Our results suggest that the minimal system for the examination of electrolyte oxidation stability should consist of a cluster containing two solvent molecules and an anion. While screening such clusters is computationally expensive it results in a much more realistic picture than the screening of isolated solvents and anions and leads to an improved agreement with the experimentally measured electrolyte electrochemical stabilities.
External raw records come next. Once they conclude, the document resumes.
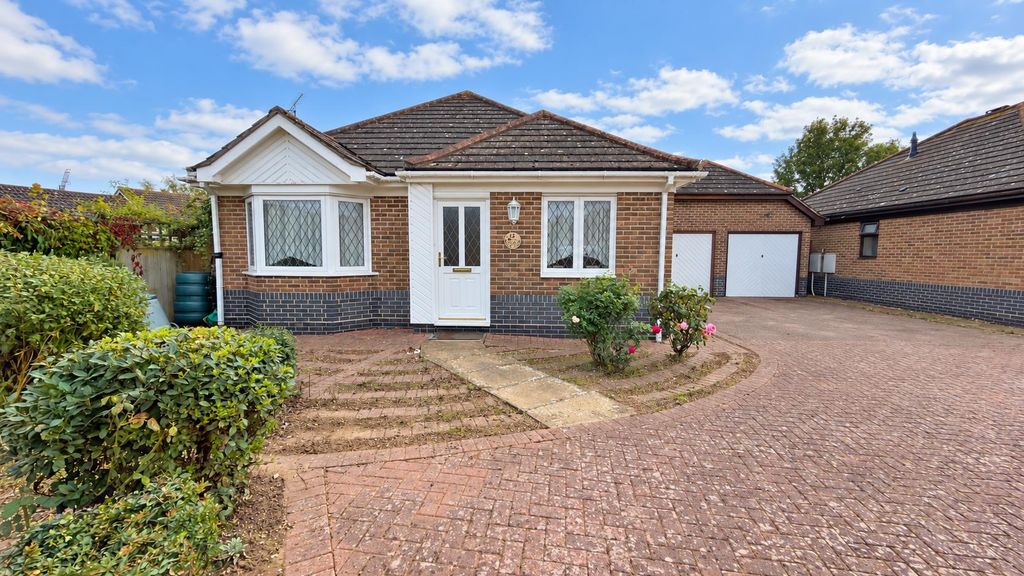 Property photo 1 of 14 Brighter Bungalow Garden, Natural Color-1.Png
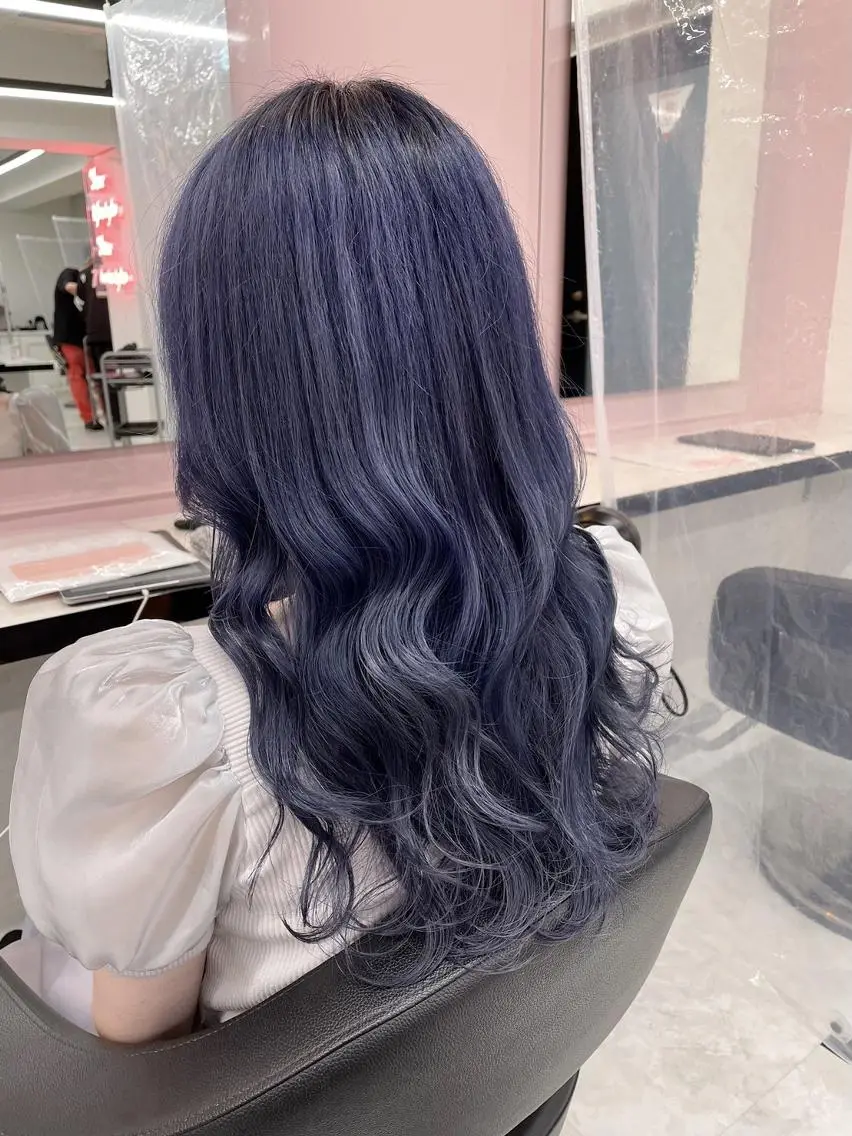カラー ロング ヘアカラー 💙ハイトーン韓国風 色白ヘア💙manaのヘアスタイル
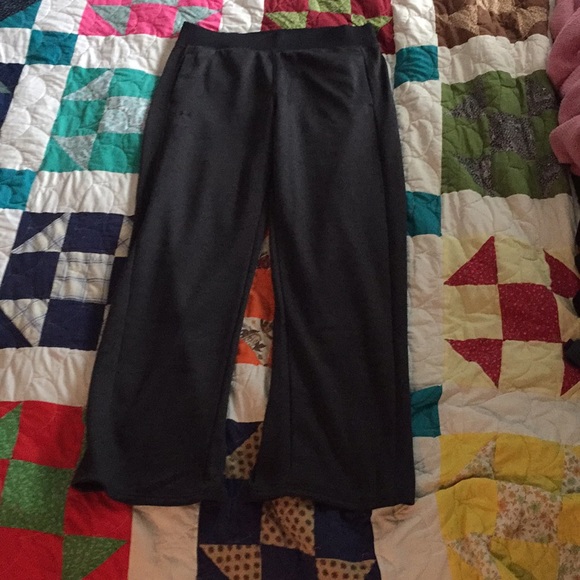 Under Armour Pants - **NWT MEDIUM UNDER ARMOUR WOMENS WIDE LEG PANT!!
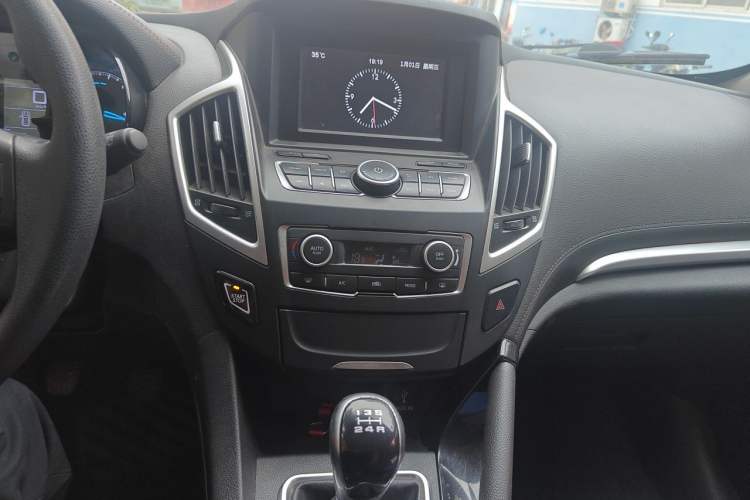 Used Dongfeng Aeolus AX7 2016 1.4T Manual Zhuyue Model Audio And AC Panel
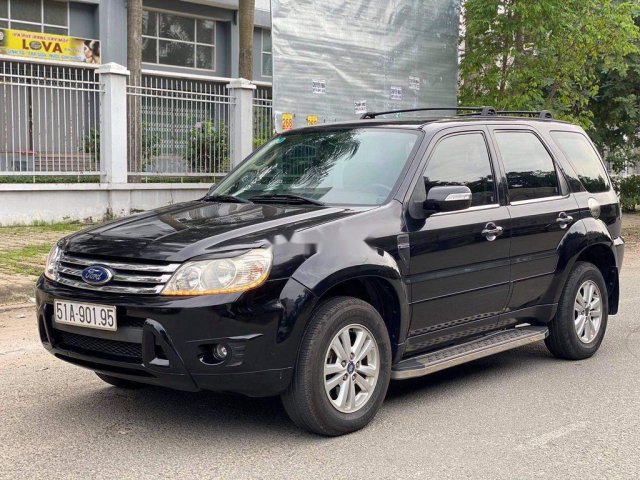 Cần bán Ford Escape đời 2010, màu đen0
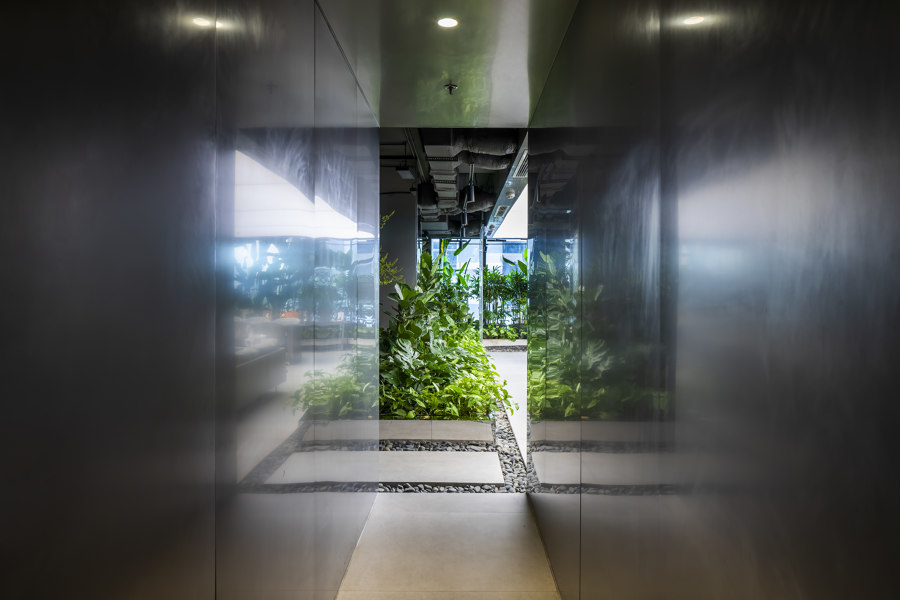 Mr.Green’s Office by Mia Design Studio | Office facilities
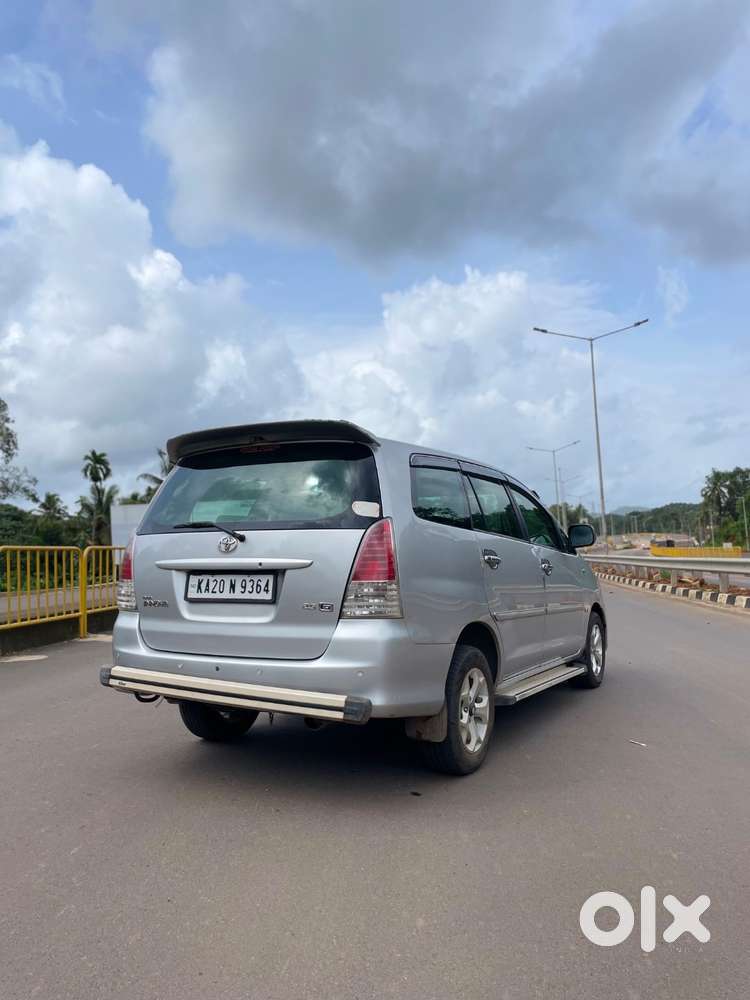 Toyota Innova G 2.5 2009 Model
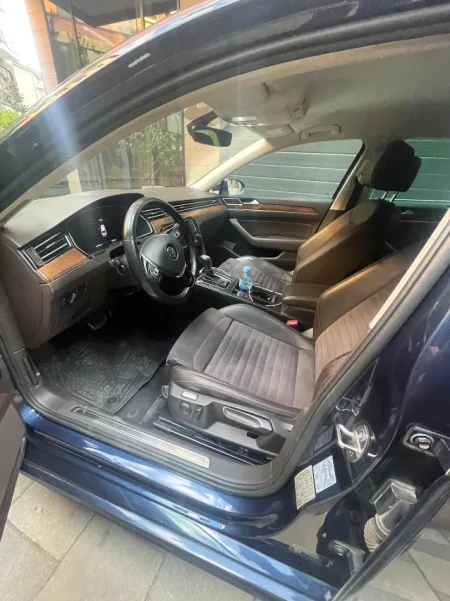 Shqiperi, shes makine Passat Nafte, blu e errët automatik Klima 160.902 km 16.000 €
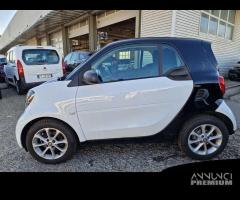 SMART FORTWO 70 1.0 52kW youngster twinamic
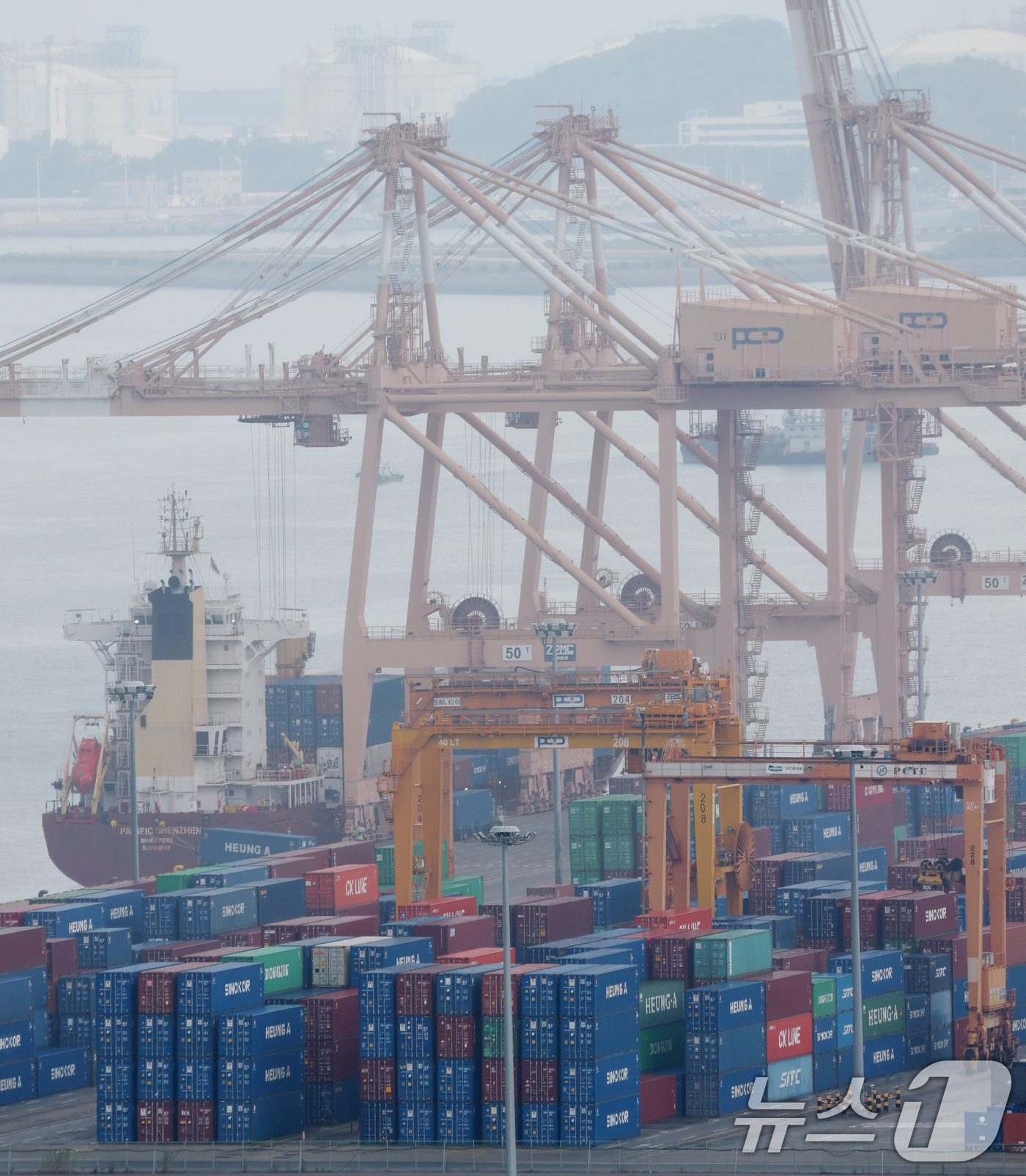 (평택=뉴스1) 김영운 기자 = 1일 경기 평택시 포승읍 평택항에 수출용 컨테이너와 차량들이 세워져 있다.산업통상자원부가 이날 발표한 '6월 수출입 동향'에 따르면 6월 수출액은 …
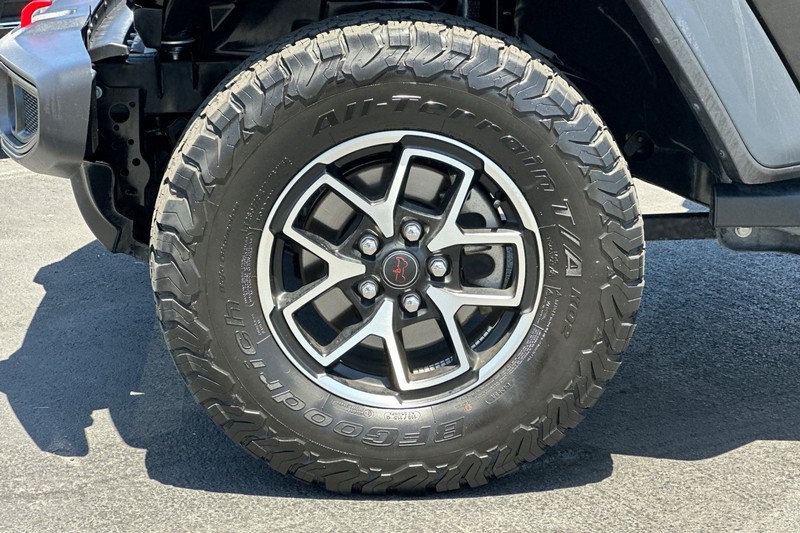 Jeep Wrangler Vehicle Full-screen Gallery Image 46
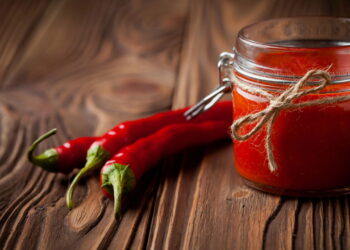 Como armazenar pimenta-malagueta por semanas sem perder o sabor picante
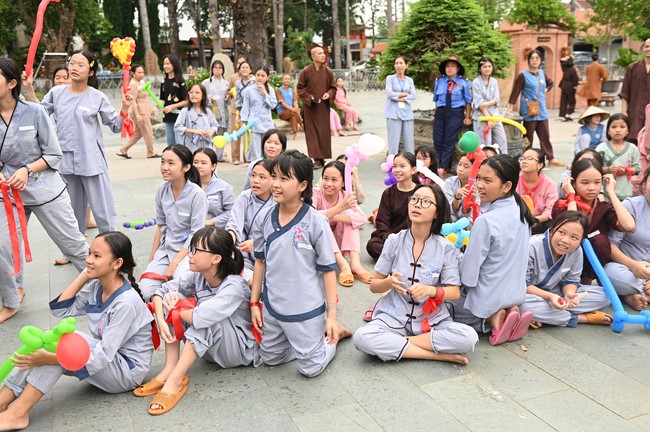 Dharma talk: Steeling oneself for the inside, preaching Junior Thich Minh Thanh - The third day of temporary ordination retreat for Children in Summer 2024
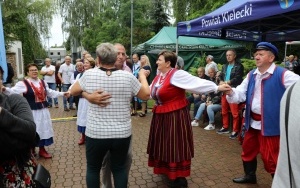 Udana zabawa w Chmielniku (2)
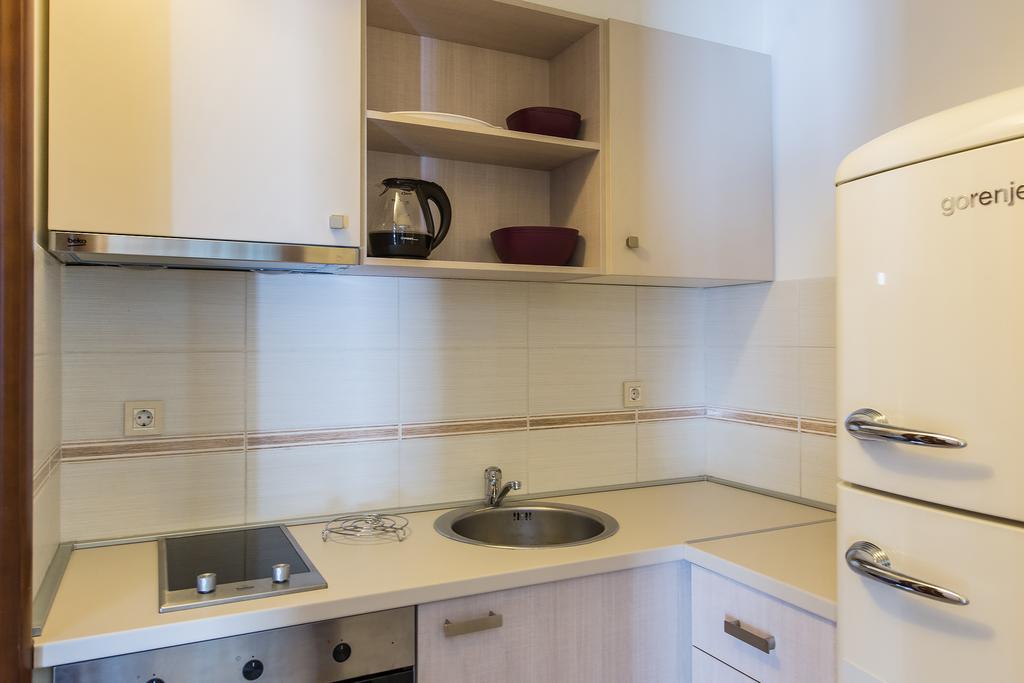 Flat Fortunella Apartamento Budva Exterior foto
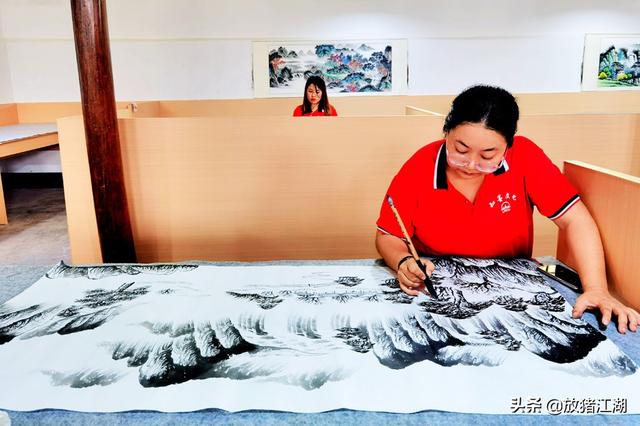 这个乡村不仅山水灵动，村民竟然还能绘画，作品被十多个国家订购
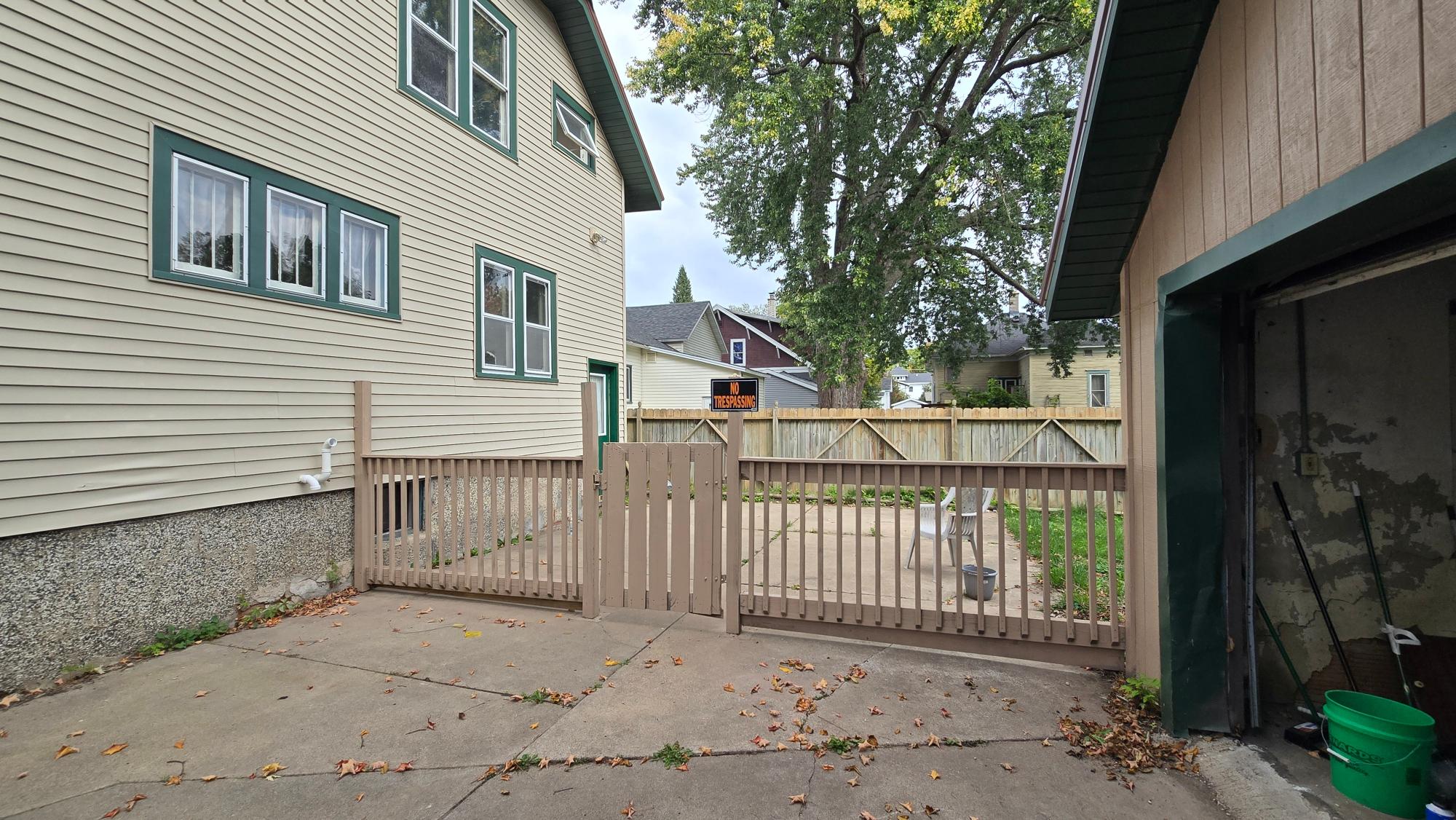 413 5TH AVE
Interestingly, the initial oxidation reactions of ethylene carbonate and dimethyl carbonate at the surface of the completely de-lithiated Ni0.5Mn1.5O4 high voltage cathode were found to be similar to reactions occurring in electrolyte clusters, highlighting the potential similarity between electrolyte oxidation on inert electrodes and active LiNi0.5Mn1.5O4 cathode.

Analogously, the formation of lithium fluoride (LiF) or solvent decomposition during reduction of semifluorinated solvents and anions was found to shift the electrochemical potential by as much as 1.5-2 V. Thus, inclusion of lithium in the model electrolyte cluster and consideration of the low barrier reactions within the computational methodology is important and could decrease the electrochemical stability window of electrolytes by as much as 3.5 V compared to a procedure that focuses on the isolated compounds surrounded by implicit solvent. Quantum chemistry study of the concentrated LiFSI-based electrolyte reduction presents an interesting example, when examination of the low rate reduction reaction resulted in LiF and Li-F-Li formation and predicted reduction stability of DME-LiFSI electrolyte around 1.6-2.4 V vs. Li/Li+.2 Quantum chemistry predictions were found to be in good agreement with CV measurements for this electrolyte and revealed initial reactions leading to the formation of a stable passivation layer on electrodes.2


1.            O. Borodin, W. Behl and T. R. Jow, J. Phys. Chem. C, 117, 8661 (2013).

2.            H. Kim, F. Wu, J. T. Lee, N. Nitta, H.-T. Lin, M. Oschatz, W. I. Cho, S. Kaskel, O. Borodin and G. Yushin, Adv. Energ. Mater., 5, 1401792 (2015).